§ **TASK STATEMENT**
All lines in the records below from the line with "volledig gerenoveerde stadswoning" through the line with "Franklin Mint 1/24" are to be given again exactly, both ends included; the pictures are to be left out.

§ **DATA FOR PROCESSING**
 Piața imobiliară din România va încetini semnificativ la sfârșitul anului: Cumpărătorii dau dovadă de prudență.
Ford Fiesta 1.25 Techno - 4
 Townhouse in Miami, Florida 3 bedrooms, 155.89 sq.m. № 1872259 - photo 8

...

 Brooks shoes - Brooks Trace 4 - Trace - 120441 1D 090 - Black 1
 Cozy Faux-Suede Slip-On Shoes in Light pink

==

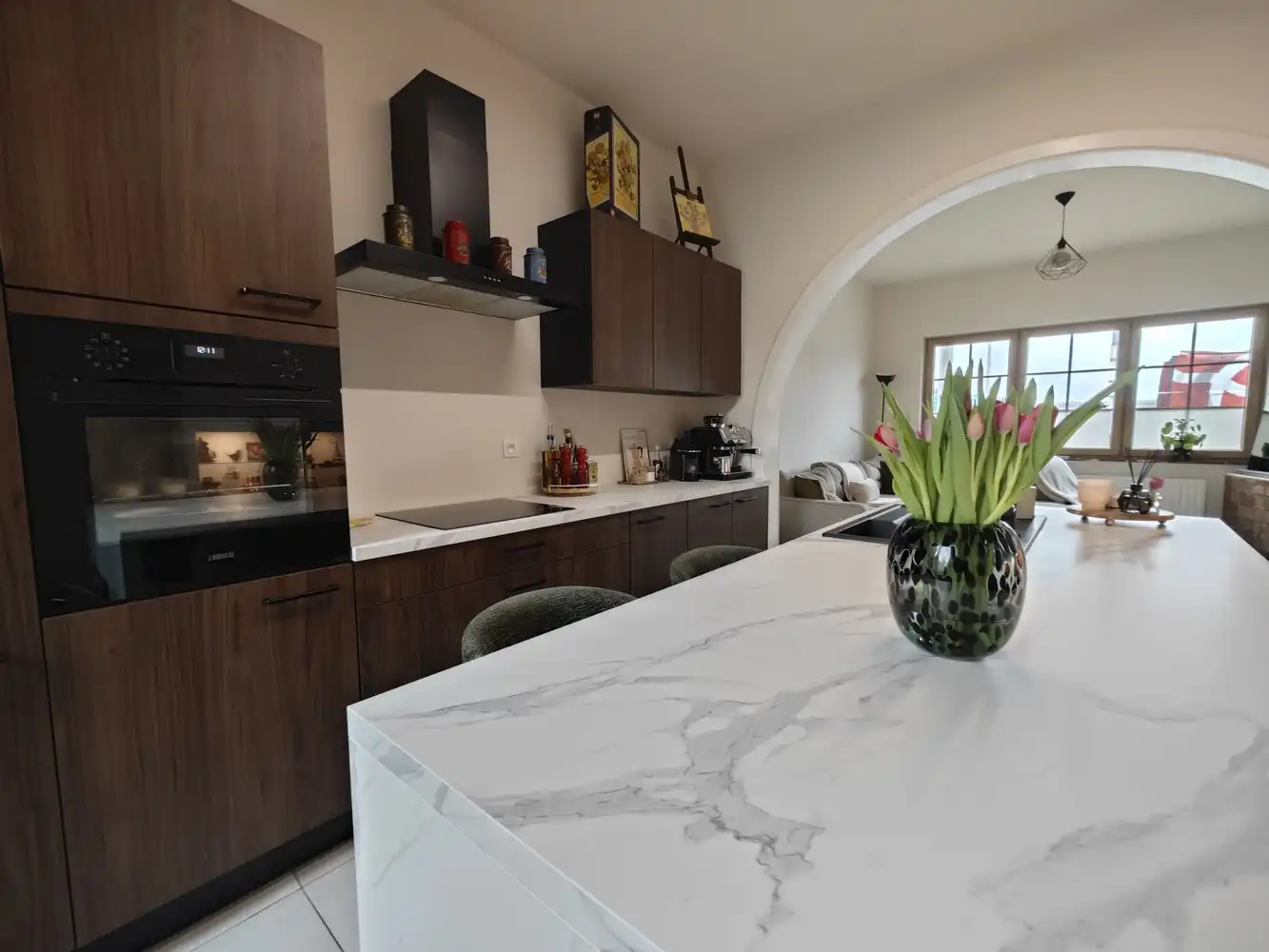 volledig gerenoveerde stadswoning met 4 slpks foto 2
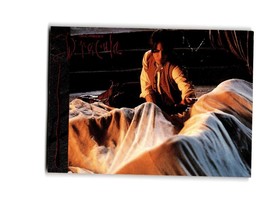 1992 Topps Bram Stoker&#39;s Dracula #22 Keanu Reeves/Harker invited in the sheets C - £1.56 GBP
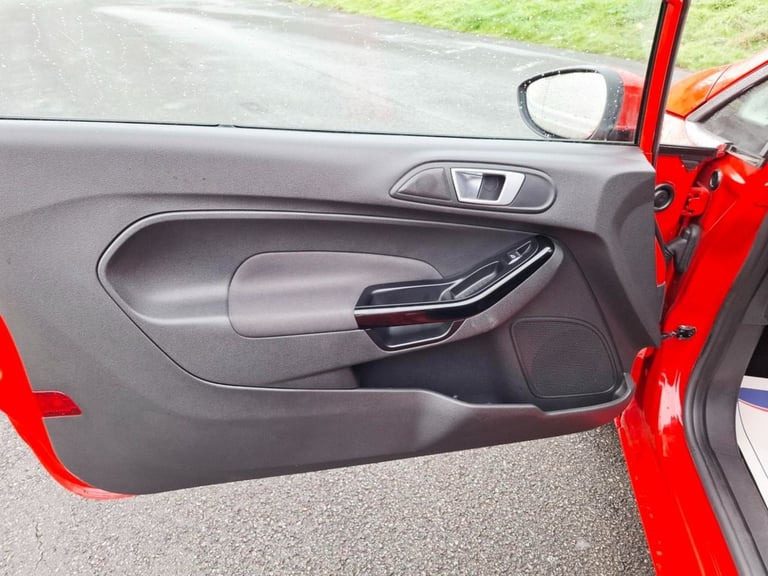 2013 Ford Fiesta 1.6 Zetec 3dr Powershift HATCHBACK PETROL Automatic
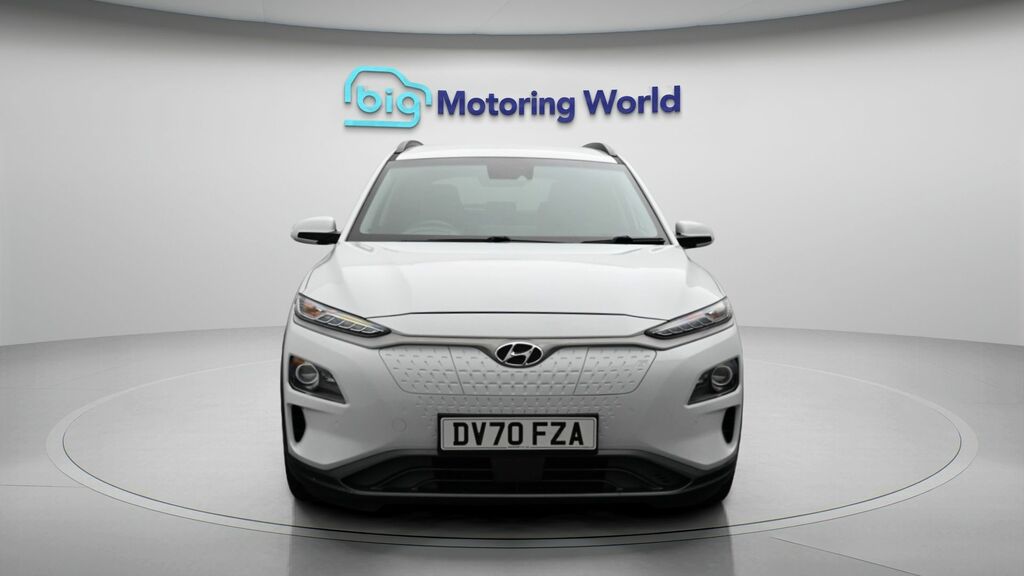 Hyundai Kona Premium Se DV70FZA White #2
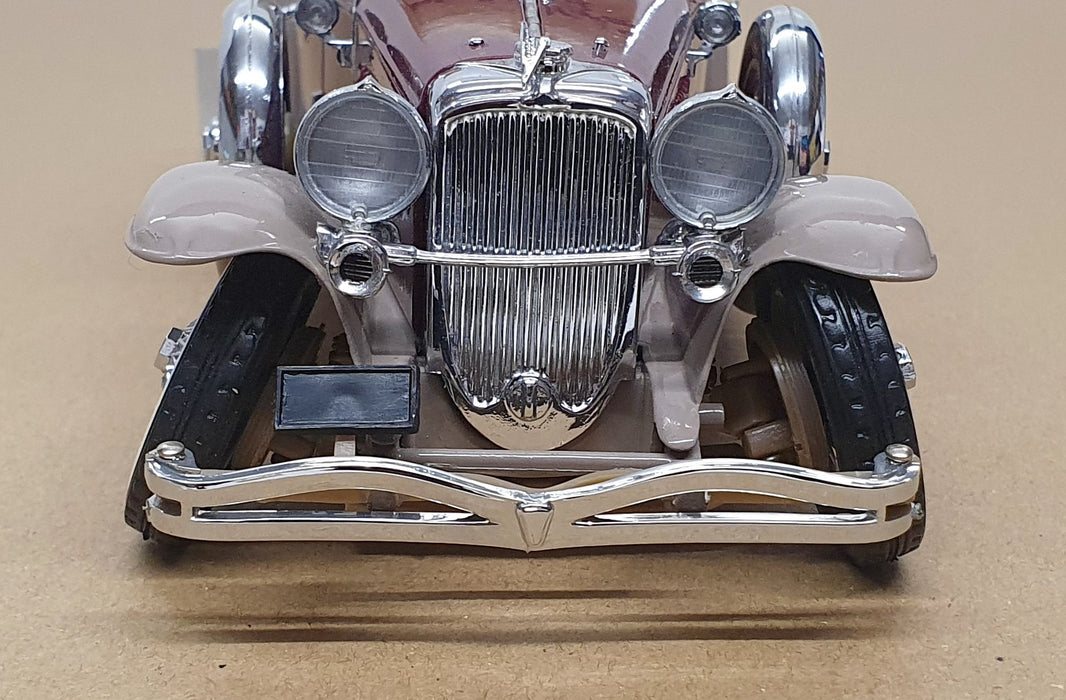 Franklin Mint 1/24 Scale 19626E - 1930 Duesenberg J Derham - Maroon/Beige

§ **YOUR RESPONSE**
 volledig gerenoveerde stadswoning met 4 slpks foto 2
 1992 Topps Bram Stoker&#39;s Dracula #22 Keanu Reeves/Harker invited in the sheets C - £1.56 GBP
 2013 Ford Fiesta 1.6 Zetec 3dr Powershift HATCHBACK PETROL Automatic
 Hyundai Kona Premium Se DV70FZA White #2
 Franklin Mint 1/24 Scale 19626E - 1930 Duesenberg J Derham - Maroon/Beige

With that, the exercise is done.